According to new research, people who start adulthood with a body mass index (BMI) in the “normal” range and move later in life to being “overweight” but not “obese” to tend live the longest.

Those who stayed in the “normal” BMI range throughout life didn’t live as long as the latter category and those who started adulthood as “obese” and continued to add weight had the highest rate of death.

Researchers stated that the impact of weight gain on mortality is complex and depends on lots of factors like the amount of weight gain and where the subjects BMI started.

The primary message is that you want to start in a “normal” weight range and gain only a modest amount throughout life while avoiding “obesity.”

Results like these were also found in two generations of participants in a Framingham Heart Study, though the participants were mostly white. The review followed the medical histories of residents in one city and that of their children for several decades.

The study revealed troublesome trends for the younger generation who became overweight or obese sooner in life than their parents and are more likely to have an obesity-linked death.

 

Old Medicine, New Medicine Come Together to Cure Leishmaniasis Disease

Researchers from OSU are planning for first phase of human trials on a new vaccine. They used CRISPR gene editing to change the parasite that causes leishmaniasis. This is a common skin disease in tropical parts of the world and is increasing in the U.S.

Scientists found through a series of animal studies that the vaccine protected mice from the skin disease. Even immune compromised mice who were exposed as human are—through a bite of infected sand flies—were protected from the parasite’s disease.

In a series of animal studies, the vaccine protected mice against the disease – including mice with compromised immune systems and mice exposed to the parasite in the same way humans are, through the bite of infected sand flies.

The researchers stated that if the vaccine can protect against such a direct method of infection that the vaccine may be ready.

The team used a hundred-year-old method from the Middle East called leishmanization. They introduce the live parasite to the skin to create a small infection. After it is healed this small exposure gives the patient lifelong immunity.

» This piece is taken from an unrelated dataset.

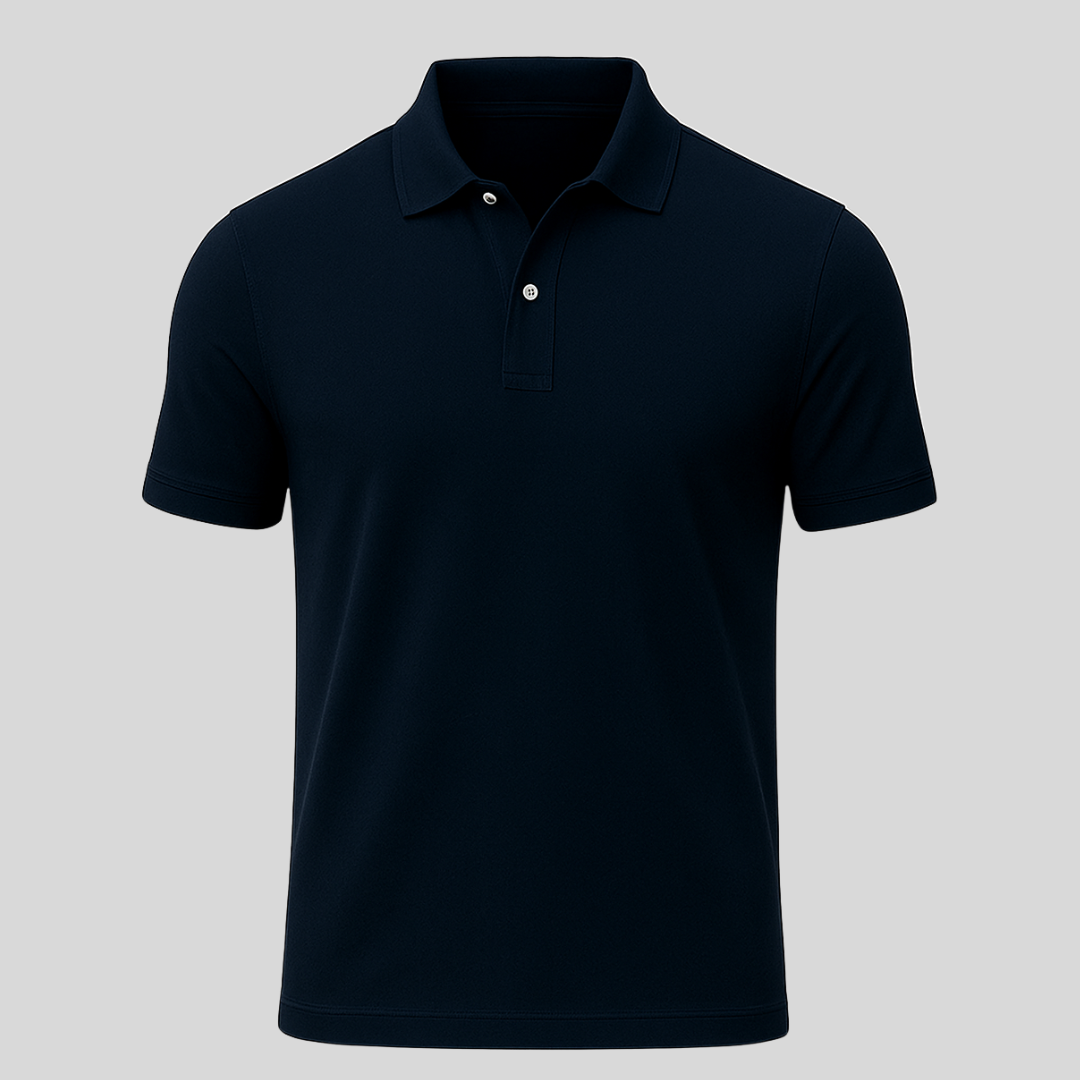 Marco-Bequemes Poloshirt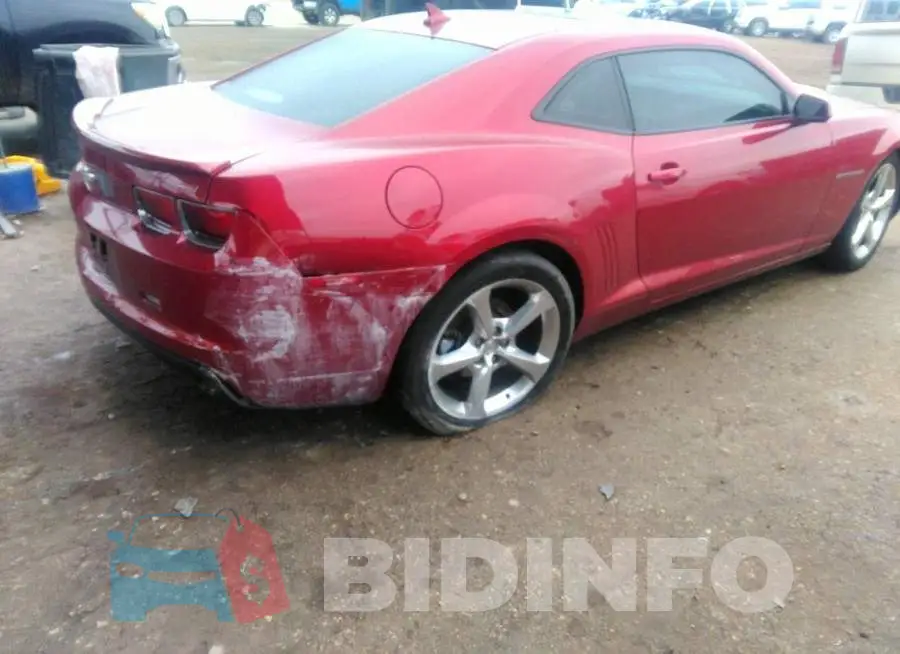 2G1FB1E34D9131448 Photo# 6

Researchers noted that will live vaccines are the most effective can be the most dangerous causing serious disease in some patients. Their vaccine only “infects” the skin with immunity because the vaccine parasites have been genetically manipulated through CRISPR.

 

People Prefer Seeing Individuals Excel Over Teams, New Study Finds

A new study by researchers at OSU found that people like to see talented people excel, whether in sports or business. They like an individual’s winning streak. But don’t care to see that happen with teams or groups.

People would love to see Usain Bolt win another gold medal but far fewer are interested in seeing the New England Patriots win another Super Bowl, researchers said.

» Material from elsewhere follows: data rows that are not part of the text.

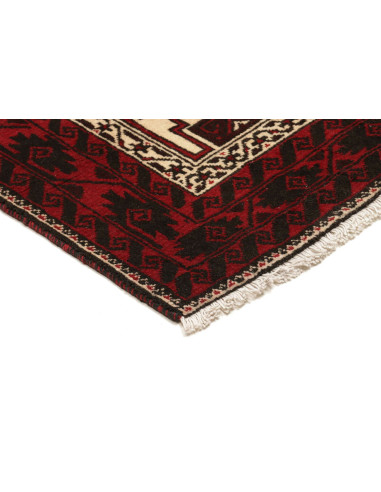 Tappeto Balutsch Persia cm.103x197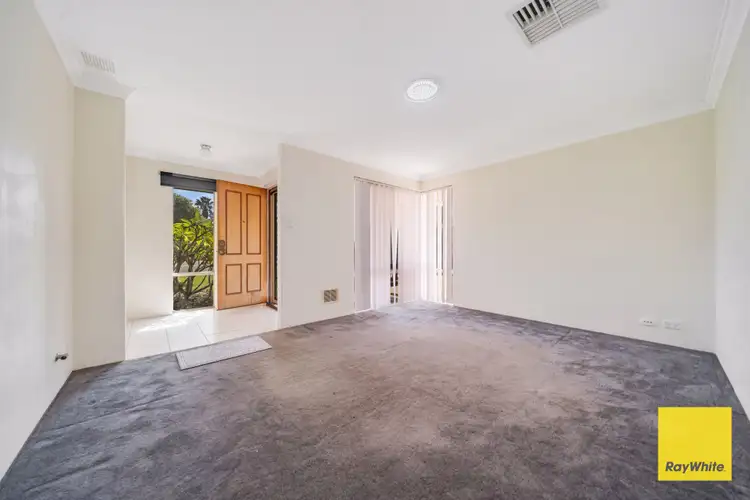 Third view of Homely house listing, 54 Westgate Way, Marangaroo WA 6064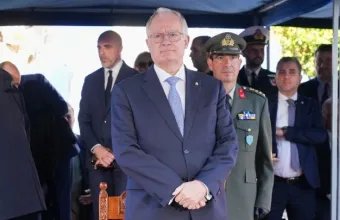Τασούλας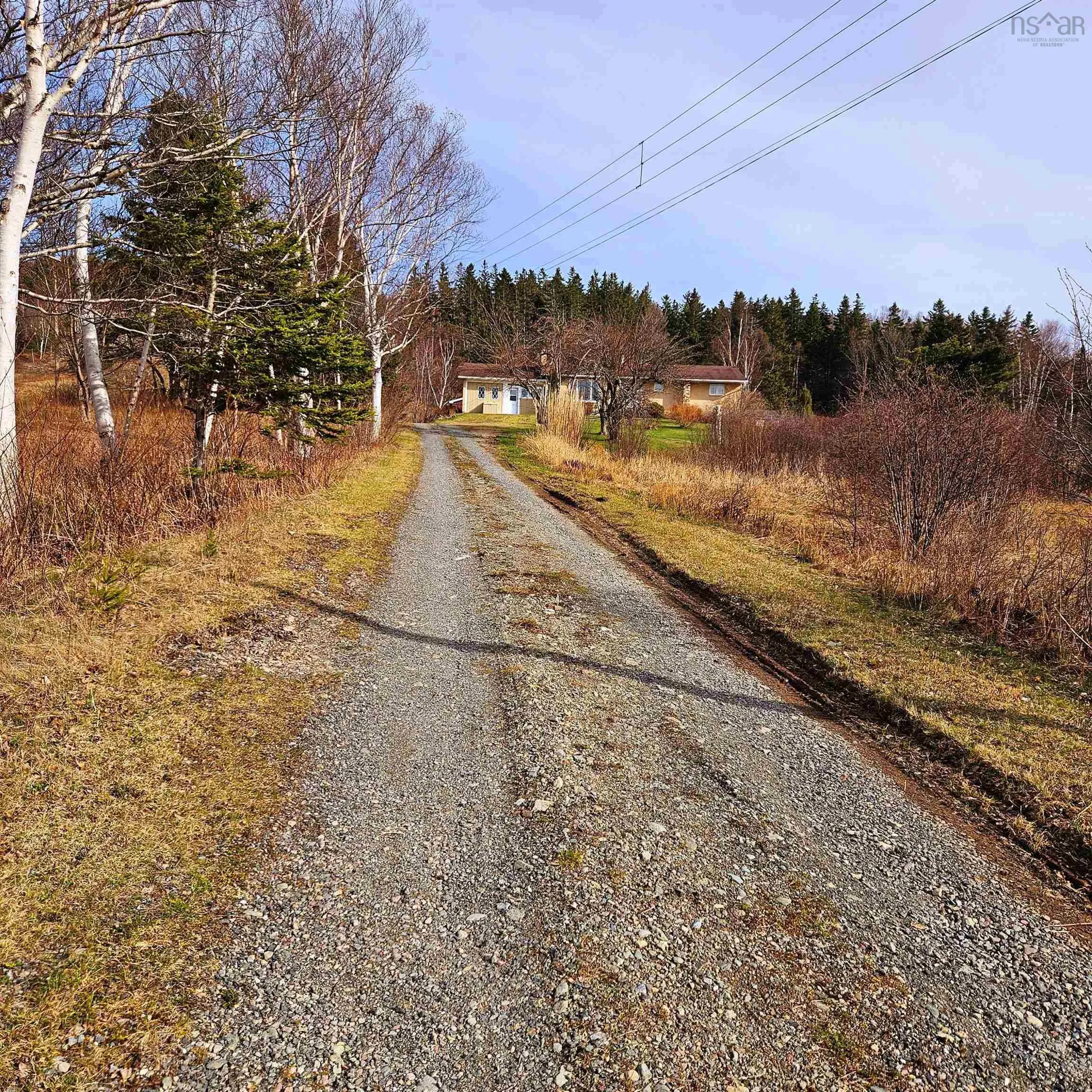 7587 East Bay Road ( Big Pond) Highway, Big Pond Ns B1j 1y8, 2 Bedrooms Bedrooms, ,3 BathroomsBathrooms,Residential,For Sale,East Bay Road ( Big Pond),202509603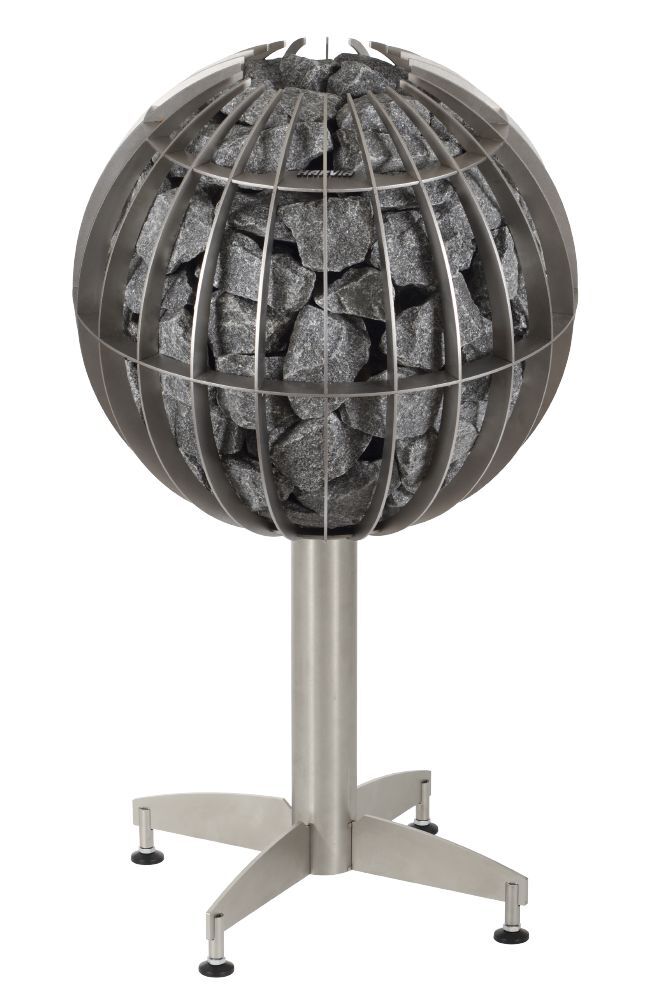HARVIA Электрическая печь Globe GL70E, артикул HGLE700400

Researchers stated the reason for the phenomenon is that people are inspired by extraordinary individual success in a way team success doesn’t. If Usain Bolt wins another gold medal (and another in a row) it expands what we considered to be the limit of human ability. We do not see team success in the same light. The study found people are simply more moved by individual success.

In one part of the study many more people were excited bout Bolt’s winning a third in a row gold medal in the 100-meter dash than they were by his shared gold medal on the 4×100-meter relay team. Result also showed people would rather see him win a forth gold medal on his own rather than as part of a team.

In one study, they examined people’s views on the success of Usain Bolt, the Jamaican sprinter who won the 100-meter dash in the last three Olympics. Bolt was also a member of a team that won the gold medal in the 4×100-meter relay at those same Olympic games.

The study was published in the “Journal of Personality and Social Psychology.”